OPA in short. Today I wanted to speak of openings. I worked long and hard to develop mine and...Nathan Bransford is holding a contest! Isn't that sweet? Check it out here. Prizes are great.
You are standing in a bookstore and a cover catches your eye. The cover is beautiful, shiny, attractive. You pick up the book and read the blurb. Interesting, very gripping. You flip open to the first page. The book only needs to pass one more test for you to buy it. It starts with a guy waking up and thinking. Boring. Perhaps the rest of the book might be boring and written in this passive and cliche way?
Very many readers go to the first page when buying books. In fact statistics show that the first page determines readership involvement by 80%. They love it or hate it. For me, I never really followed the first page analysis, let alone first paragraph. When I pick up a book and the blurb is interesting, I read it. It might start boring, it may lag and be slow, but I'll read it, because I figure that the story may develop. That was before I understood and learned the publishing world. I viewed books quite differently before I began trying to get published. So if the first page isn't vital to buyers, why is it so darn vital? It is the first thing agents/editors look at. It decides the faith of your novel.
Agents and editors don't have much time. You can see that if you start reading all the entries to Nathan's contest you begin to skim. Go through those comments and try to see what it would be like to be an agent (he actually recommended that himself). You don't have enough time to eat every paragraph. You can't read through that much. You have other things to do. So when the first sentence doesn't grab you, what do you find yourself doing? I find that I pass and move on.
So, with all this talk, get to the point. How do you analyse the grip factor of your paragraph?
Yes, don't get me wrong. I need to get to the point. Now, I am no expert and I won't pretend to be. I am a teen writer that loves imagination and wants to hold her novel in her hands in the next few years while still being a teen. But, I did have great responses from agents on my first pages and had nearly a dozen partial requests. As you might know, I am now revising for a publisher and they told me that my first paragraph pulls you right in, so I imagine I can give some suggestion.
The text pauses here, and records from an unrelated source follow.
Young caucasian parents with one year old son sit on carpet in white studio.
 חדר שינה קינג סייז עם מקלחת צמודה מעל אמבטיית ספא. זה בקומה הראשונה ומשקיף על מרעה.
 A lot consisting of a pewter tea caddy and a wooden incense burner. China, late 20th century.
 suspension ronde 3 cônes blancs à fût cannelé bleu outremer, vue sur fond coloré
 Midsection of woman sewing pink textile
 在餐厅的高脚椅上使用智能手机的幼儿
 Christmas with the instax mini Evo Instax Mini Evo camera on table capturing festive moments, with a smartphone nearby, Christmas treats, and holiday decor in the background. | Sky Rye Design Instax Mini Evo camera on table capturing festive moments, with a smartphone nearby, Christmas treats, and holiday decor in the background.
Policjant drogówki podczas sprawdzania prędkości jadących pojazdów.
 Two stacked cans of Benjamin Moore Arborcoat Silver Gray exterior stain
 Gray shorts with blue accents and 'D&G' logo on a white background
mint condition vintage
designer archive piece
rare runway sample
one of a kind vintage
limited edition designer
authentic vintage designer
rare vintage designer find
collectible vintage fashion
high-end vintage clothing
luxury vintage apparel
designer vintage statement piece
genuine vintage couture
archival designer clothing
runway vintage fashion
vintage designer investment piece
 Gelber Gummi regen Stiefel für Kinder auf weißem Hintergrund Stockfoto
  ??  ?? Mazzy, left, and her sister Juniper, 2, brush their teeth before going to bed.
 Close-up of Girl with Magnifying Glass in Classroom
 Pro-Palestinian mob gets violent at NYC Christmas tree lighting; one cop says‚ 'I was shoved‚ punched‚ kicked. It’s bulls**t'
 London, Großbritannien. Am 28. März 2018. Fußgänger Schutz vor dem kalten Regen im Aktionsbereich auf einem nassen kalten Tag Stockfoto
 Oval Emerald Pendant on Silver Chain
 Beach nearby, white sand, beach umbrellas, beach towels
"The Coming" First Paragraph Analysis:
The Coming is what I am devoted to, is what I am revising and is what I intend to sell. I go by the phrase "If you want it enough, you will push till the end". To analyze your first paragraph you have to take each word separately. A good suggestion is reading each sentence separately so that you can separate them and see how they flow. So here is my analysis of my first paragraph.
Someone was going to die today. The first sentence instantly places the reader in tension. Someone is going to die. It sets a dark mood. There was no other choice: it was kill or die. No I set the fact that the MC has no choice and that his life is in danger. Vitiosus stared at the tall, bulky warrior and took a deep breath. Now you can really imagine what is going on. He's fighting. There is a warrior and that sets the setting. You probably are not going to imagine they are in space or in a mall or whatnot. He stepped forward. Gravel crunched below his feet and wisps of wind swirled about his head as he calculated his chances. With one final glance toward his father on the throne, he walked to the middle of the arena. He was determined to make his father proud of him — just this once. That is the hook. Frome here you can see that he wants to make his father proud just one time. That tells us the backstory without telling backstory. His father clearly thinks the his son is a failure and here Vitiosusu wants to prove him wrong, just this once.
So there you go. My analysis. I highly recommend you to take your own paragraph and analyze it to death. It you are getting rejected there is a problem. Me, well, I have had people tell me that I shouldn't start with action, but the requests and the feedback speak for themselves. Cheers!